=== Dataset content ===

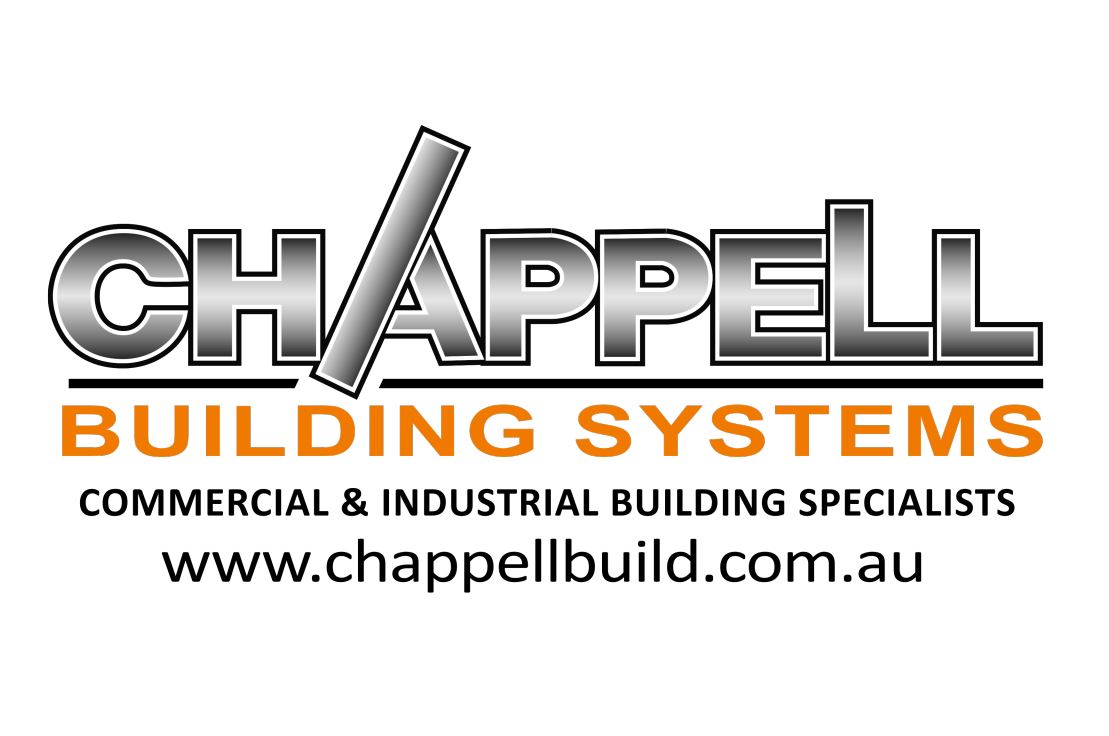 Chappel building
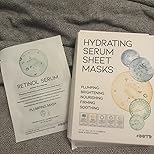 Customer Image, click to open customer review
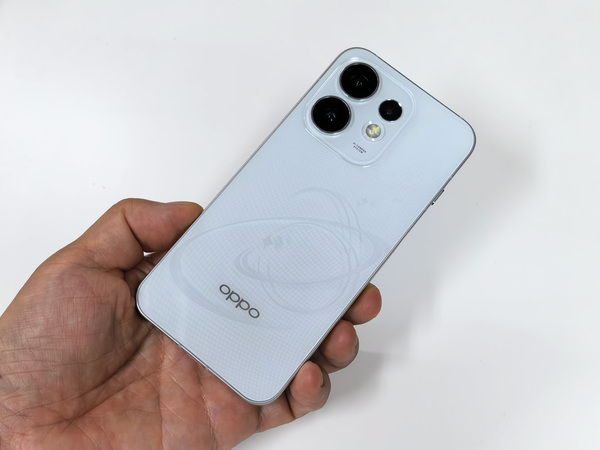OPPO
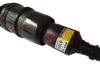 Picture of 48020-50213 4802050213 48020-50210 4802050210 48020-50211 4802050211 Giảm xóc trước Lexus LS600H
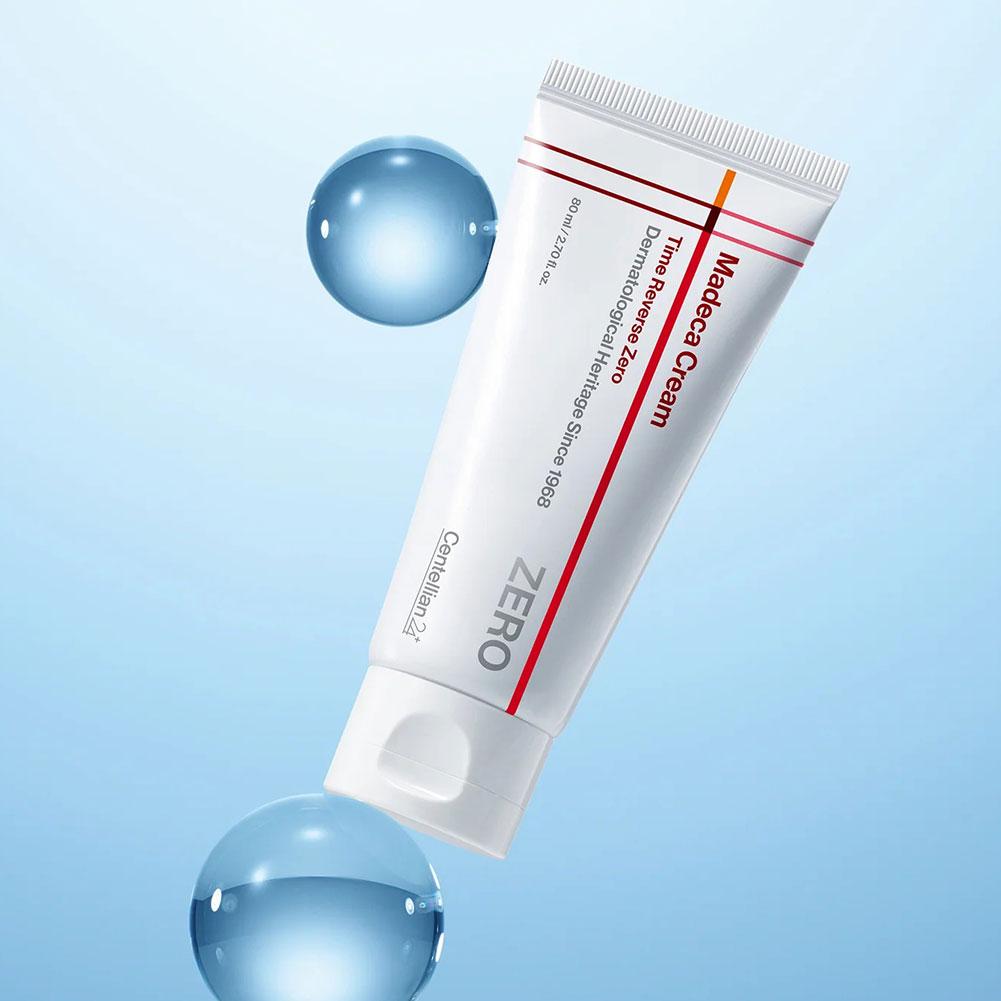 Centellian24 Madeca Zero Degre - Skincare Centella recensie en prijs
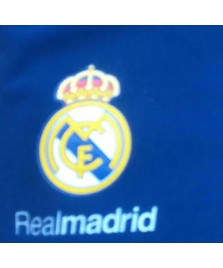 Manta cama Real Madrid VIP ESTADIO de Manterol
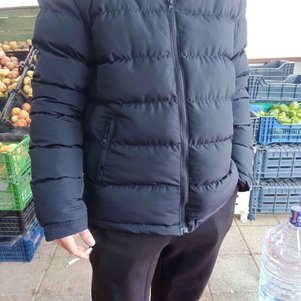 yorum görseli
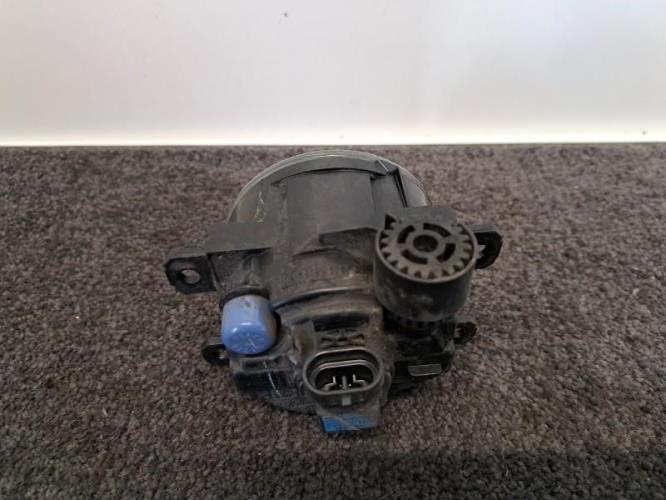 Image Anti brouillard droit (feux) - CITROEN C4 PICASSO 2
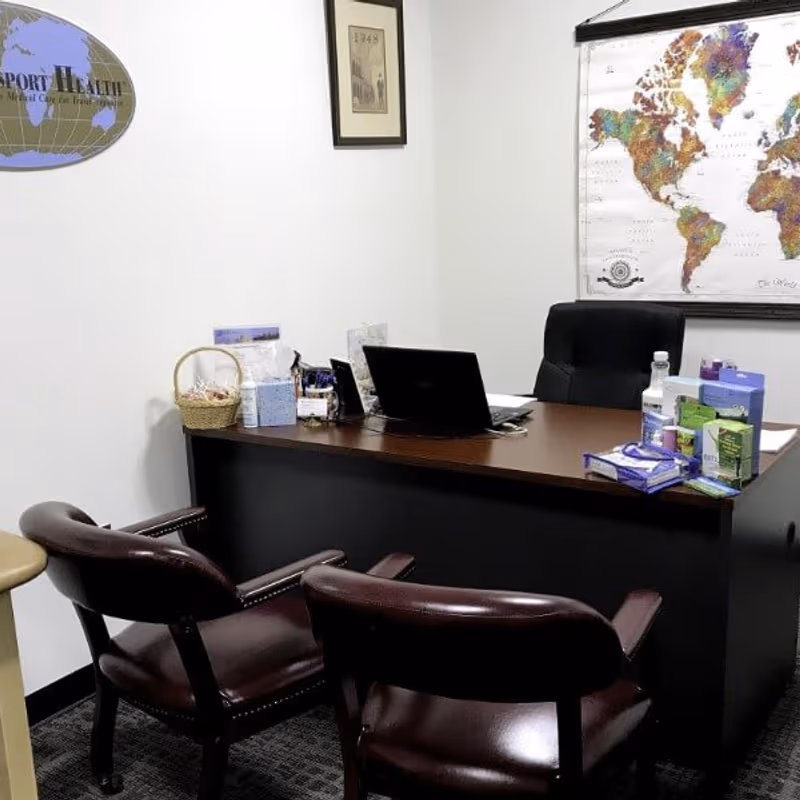 371 Hoes Lane, Piscataway - Image 5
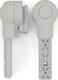 Cybex адаптер для баунсера Lemo Light Grey 522000485bbg
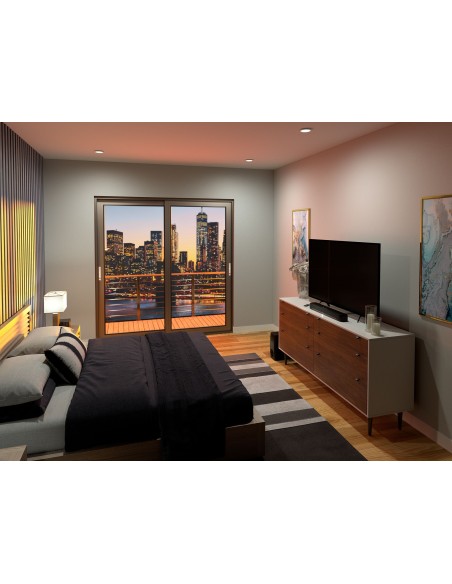 yamaha-soundbar-src-30a-bl-black-21ch-sub-wireless-virtual-3d-sorround-9.jpg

===

- **Exercise details**: The result should be an exact copy of only the lines above from the one that holds "Customer Image, click" through the one that holds "Image Anti brouillard", both ends included, without pictures.

- **Exercise solution**:
 Customer Image, click to open customer review
OPPO
 Picture of 48020-50213 4802050213 48020-50210 4802050210 48020-50211 4802050211 Giảm xóc trước Lexus LS600H
 Centellian24 Madeca Zero Degre - Skincare Centella recensie en prijs
 Manta cama Real Madrid VIP ESTADIO de Manterol
 yorum görseli
 Image Anti brouillard droit (feux) - CITROEN C4 PICASSO 2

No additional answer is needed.